**INPUT**
══════════

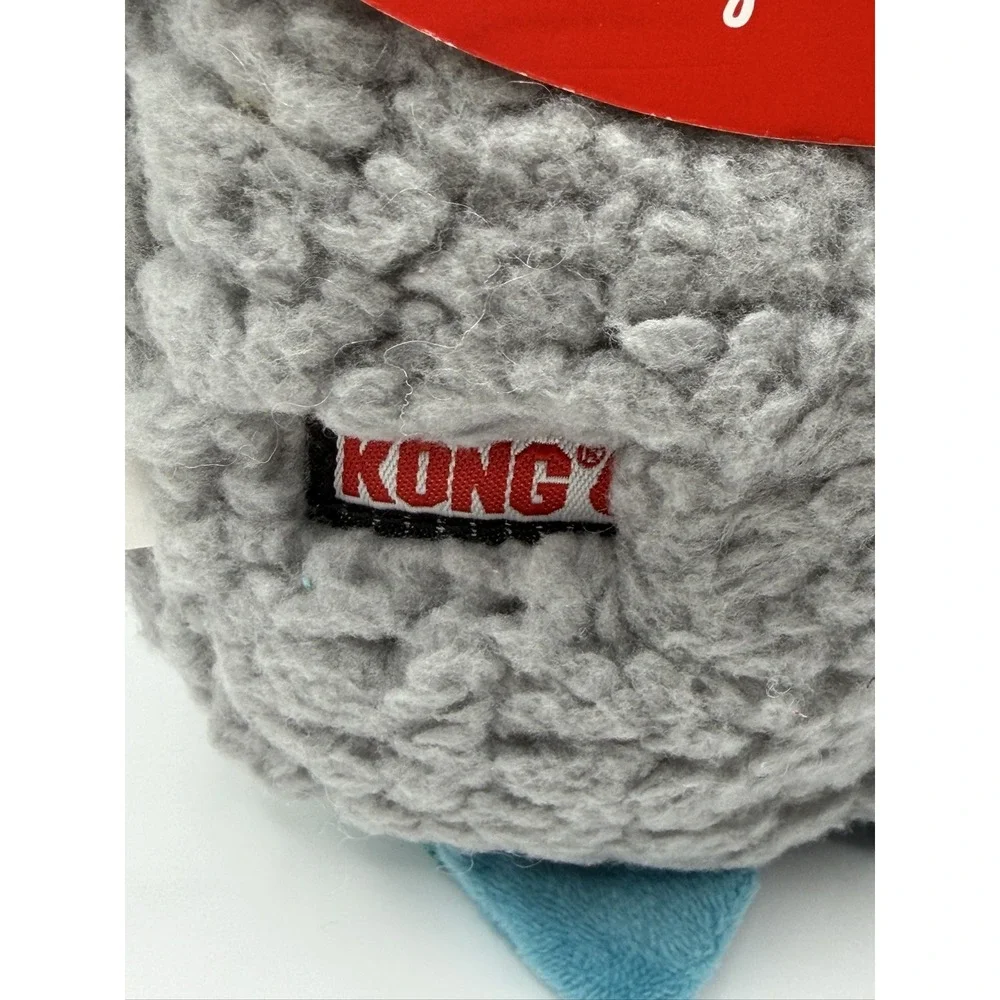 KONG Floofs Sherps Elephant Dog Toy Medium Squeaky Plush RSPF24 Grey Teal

══════════

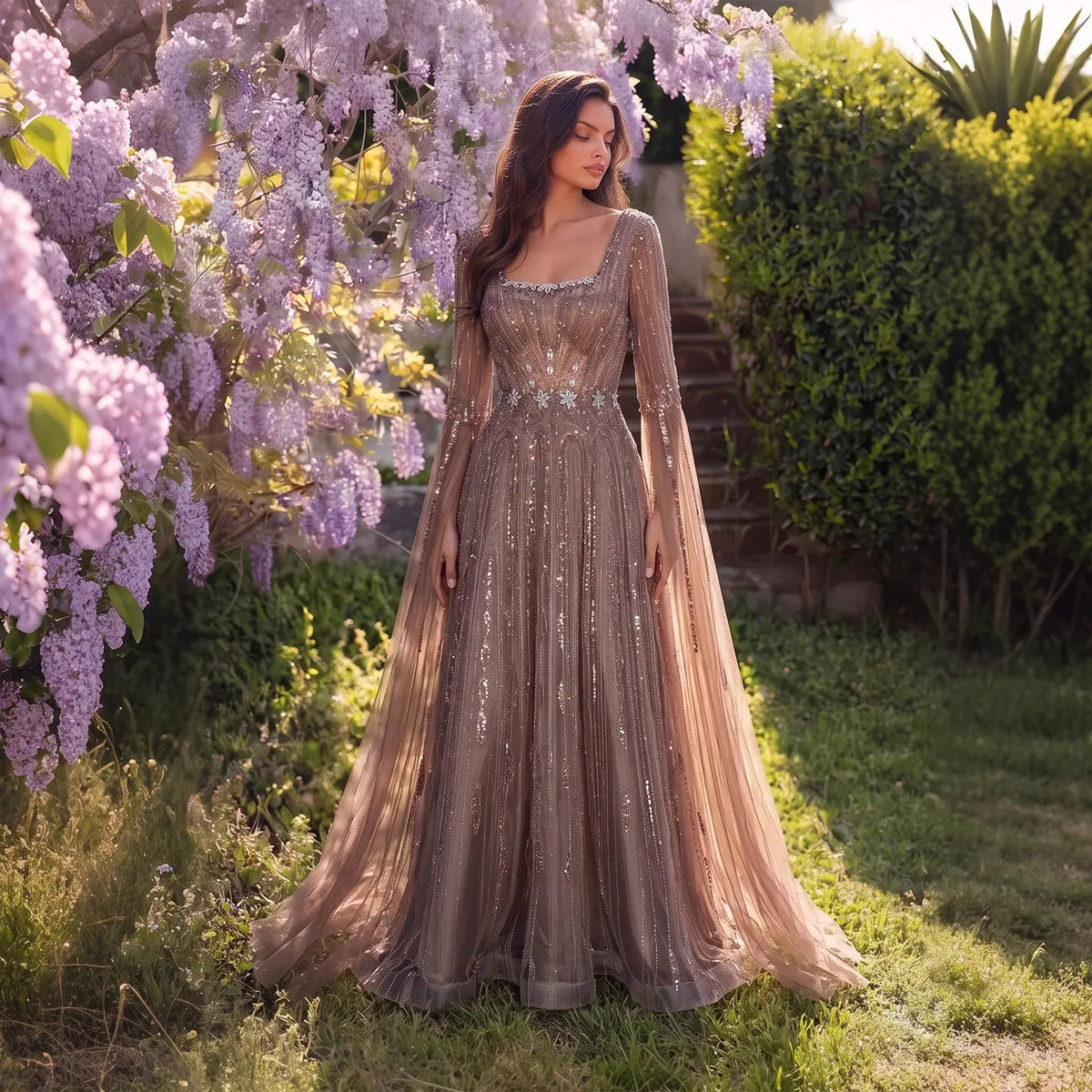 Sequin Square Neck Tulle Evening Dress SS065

══════════

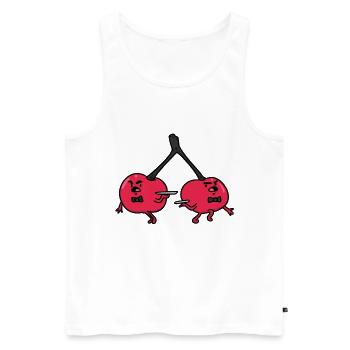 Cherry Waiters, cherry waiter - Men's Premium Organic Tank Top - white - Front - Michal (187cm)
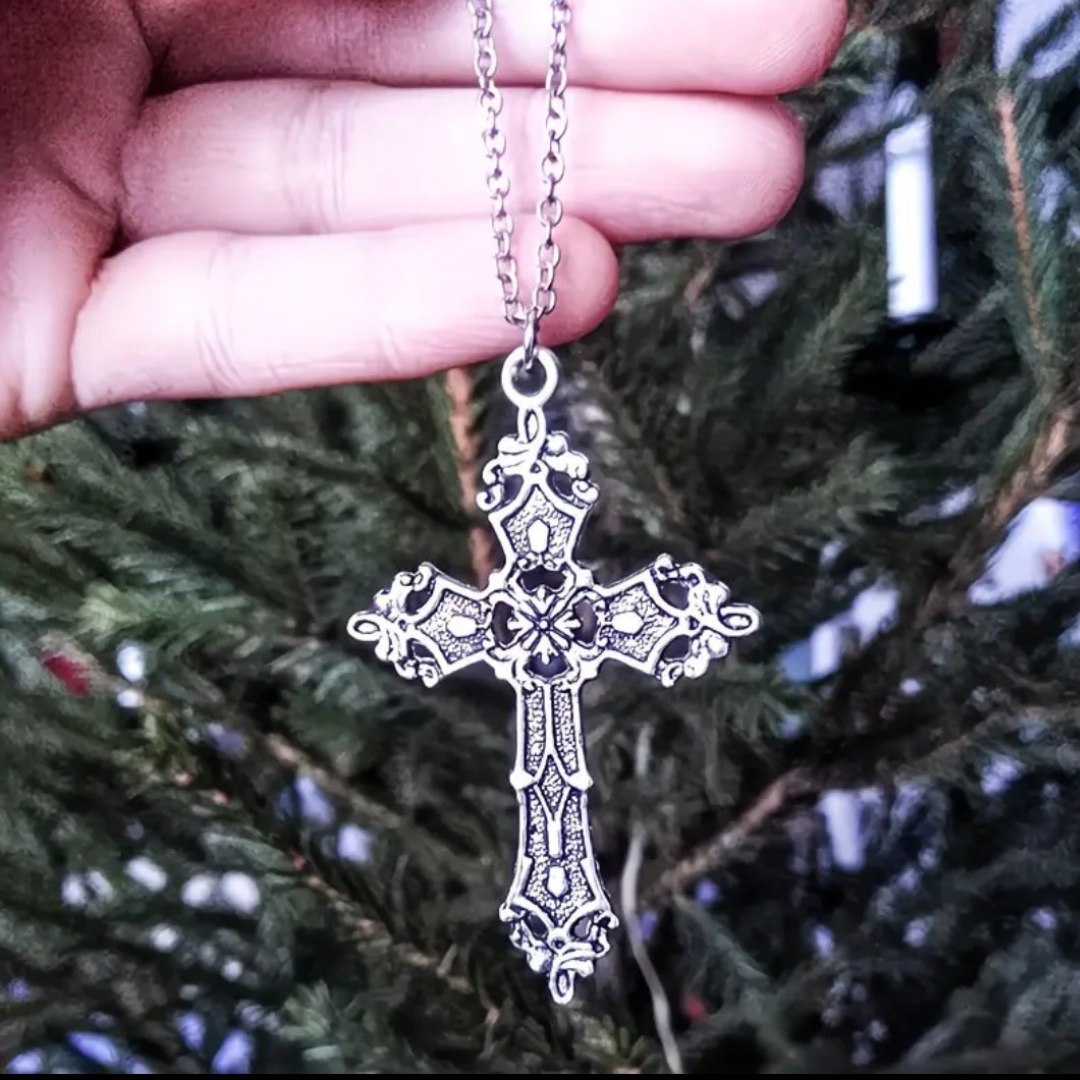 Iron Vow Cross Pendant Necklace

══════════

**DESCRIPTION OF THE TASK**
Only the lines starting at the one with "Cherry Waiters, cherry" and ending at the one with "Iron Vow Cross Pendant Necklace" should be printed, each exactly as it appears in the material above; the pictures are to be omitted.

**THE ANSWER**
 Cherry Waiters, cherry waiter - Men's Premium Organic Tank Top - white - Front - Michal (187cm)
 Iron Vow Cross Pendant Necklace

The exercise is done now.